What the hell is horror?

Alex Greenwood
Still from The Strangers

Its fans are often treated as pariahs but there’s more to a love of the genre than merely an enjoyment of sordid scenes of blood and gore. Horror fulfils a genuine psychological function, says Alex Greenwood.

My mind should resemble a cavern of suppurating gore.

Not only that, but I should suffer electrical spasms of murderous nihilism that only vinegary adrenaline can extinguish by driving me to slash, slash, slash while murky shapes whisper deviant thoughts that twist reality.

Why? Because I am a horror junkie. I search out gruesome films, and, according to tabloid lore, that must mean there is a piece missing from my psychological jigsaw, or, indeed, that I am a dinky version of that infamous character, impressing his Sadean logic onto humble bodies.

Unfortunately for various newspapers, the nearest I get to distasteful ooze in real life is when I clean the food recycling box outside my house – and, I admit, once there were maggots. And it smelt really bad. And I had to use boiling water. And I realised I was actually boiling the maggots. And I felt terrible about it.

This begs the question of why someone who feels a profound guilt over poached larvae constantly watches films that depict, say, someone filleting another person’s leg.

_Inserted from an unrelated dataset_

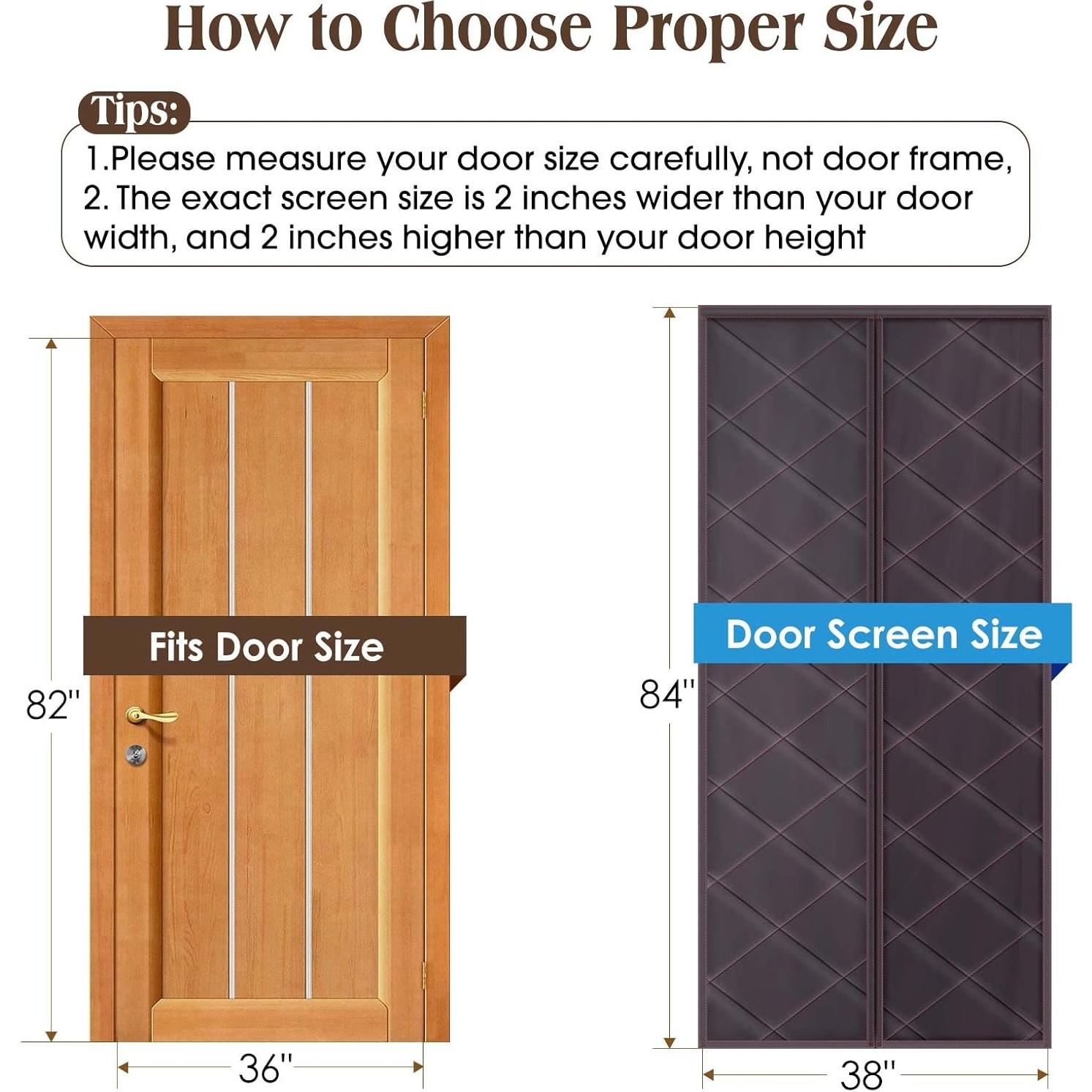 Pantalla de Puerta Magnética Faiyral 91x208 cm Aislante Café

The answer is simple: people get horror wrong.

Still from The Strangers.

Many horror films are more than just gore fests; they are educational gore fests. I may never wake up one morning to find my village full of brain-dead zombies but if I did, I would know exactly what to do. The same goes for escaping psychopaths in rural locations, inventing ingenious home-made weapons, working out codeword systems to defeat alien clones, protecting my house from demonic invasions, and surviving suburban rippers that wear masks and tennis shoes.

Now, on the whole, I am unlikely to ever find myself in any of these situations. But being literal misses the point. Horror films also refresh that tiny place in the back of your mind where you subconsciously file all your emergency programs.

Still from 30 Days Of Night.

Horror films can teach you how to recognise when something is odd, or when a situation is escalating. They can give you ideas on how to deal with dangerous predicaments; how to protect yourself and others by showing you instances when fictional characters did something wrong and when they did something right.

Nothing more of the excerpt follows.